Mar 182013
 
finished I have an awful lot of salvaged denim jeans that have been languishing for a long while and thought that might make for a fun project. Inspired by these  cute soft storage containers from my friend Melana’s Etsy shop , I came up with an easy plan – here’s what I gathered for the project:

  • A cut-off jeans leg
  • A scrap of colorful tie-dyed cotton (from an earlier, unfinished project)
  • A plastic cylindrical container (which is actually the inverted cover from a spindle of blank DVDs)
  • Pins, chalk, scissors, sewing machine, etc. – all my sewing stuff

01

I had a good few jeans legs to choose from, because I never throw away useful fabric, do I? I was lucky enough to have one that just fit nicely over the plastic container. If you don’t have a piece that “just fits” you can just narrow it a bit at one seam, or let it out with more fabric – no problem.The next step was to cut the jeans leg down to a few inches longer than the height of the container (see below). I made it a little too big, just for wiggle room. 02

03

Next I cut a piece of the tie-dye cotton to match the size of the denim. While the denim was already seamed on both sides, the tie-dye needed to be seamed on one side, so I actually cut it about 1/2 inch wider…

04

… and ran a seam, to produce 2 fabric “cylinders,” both a bit taller than the plastic container.

05-06

Next, using the bottom of the container as a template, I chalk-traced a circle and cut two matching “discs” from leftover pieces of both the denim and the tie-dye, adding a 1/2 inch seam allowance. Hint – sewing a round disc to the end of a cylinder is much easier with as small a seam as possible. 1/2 inch worked okay, but I think 1/4-3/8 inch would have been better. Lesson learned.

07

Below you see the pinned up tie-dye construction at left and the denim construction as it’s being seamed at right. Another hint – for a cleaner seam, keep the disc piece facing down and the cylinder piece up. This makes it easier to control little creases getting caught up in the seam.

08

I trimmed the seams and over-edge stitched them to limit fraying (this is a washable item, so you want to do that if you can).

09

10 Next I fitted the container into the finished denim cylinder and folded in the top edge of the fabric. You can see I made it a bit too tall, but not to worry.
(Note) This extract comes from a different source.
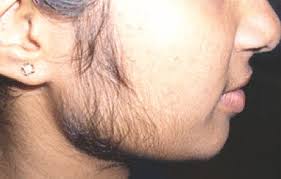 IF YOU’RE A WOMAN WITH CHIN WHISKERS, PAY ATTENTION. HERE’S WHAT IT MEANS!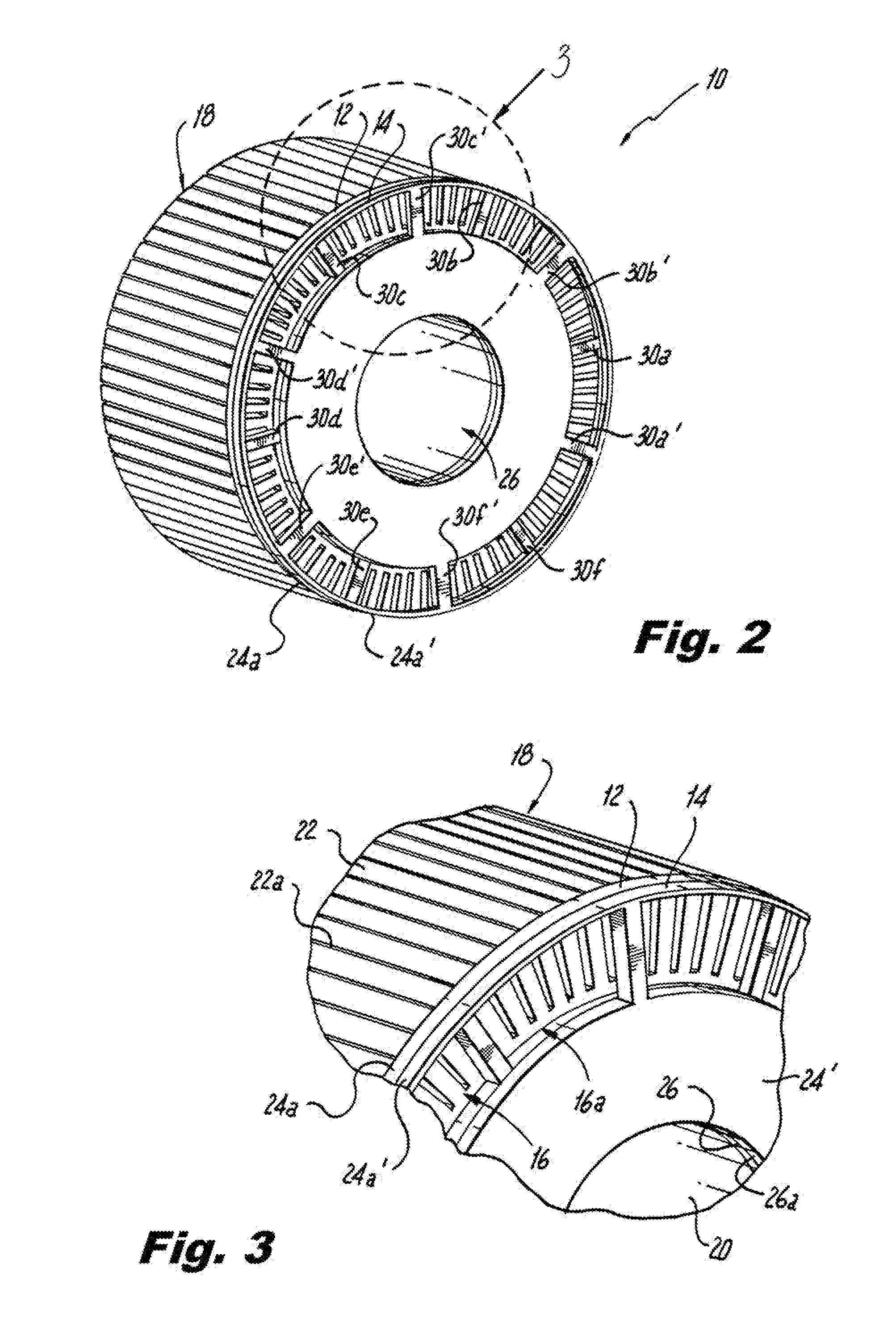 Die Cast Rotor With Steel End Rings to Contain Aluminum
Then I took the tie-dye cylinder, turned it inside out, and fitted it inside the container. Looking at it I decided it really was a bit too tall, so I hemmed it down about an inch…

11-12

14 … and then ran a line of decorative stitching around the top edge.

I have all these cool stitches on my Janome that I never get to use – this seemed like a good opportunity to try one. This one looks a bit like a heart monitor readout!

I fitted the tie-dye cylinder back inside the container. cuffed the top down and …

 

 

 

here’s the finished piece…

finished

This took about an hour to make (and a lot longer to write about).

15

You can use any sort of cylindrical container to make this little basket. It’s a good way to upcycle, rather than recycle, a plastic yogurt container, paper oatmeal container, coffee can, or whatever you have on hand. The yogurt container is a little trickier because of the tapered shape, but it’s totally doable.

As I said earlier, this is washable – when it gets a bit dingy, just pull it apart and wash the two pieces with your regular laundry. Simple enough.

Melana’s denim containers are more finely made and worth the $23 – her prices are so reasonable! She used soft batting between the layers, rather than hard plastic, because hers are meant for little kiddies.  A shout-out to Melana’s fine craftsmanship – I have some cat toys she made for us (little embroidered fishies stuffed with organic catnip and crinkly cellophane) and I bought one of her soft tool kits as a baby gift for a friend’s new grandchild. DO visit her shop when you need a baby gift – her soft toys are outstanding!

I hope you’ll give this project a try and let me know how yours turns out!

Linda, in NJ

finished-anotherUpdate – 23 March 2013: I made a few more of these cute baskets – thought I’d post this one for the spring holidays. I wanted to fill it with the vegan matzoh balls I made today (which were delicious), but that just seemed wrong. It did, however, look like a good place to hide a few jelly beans.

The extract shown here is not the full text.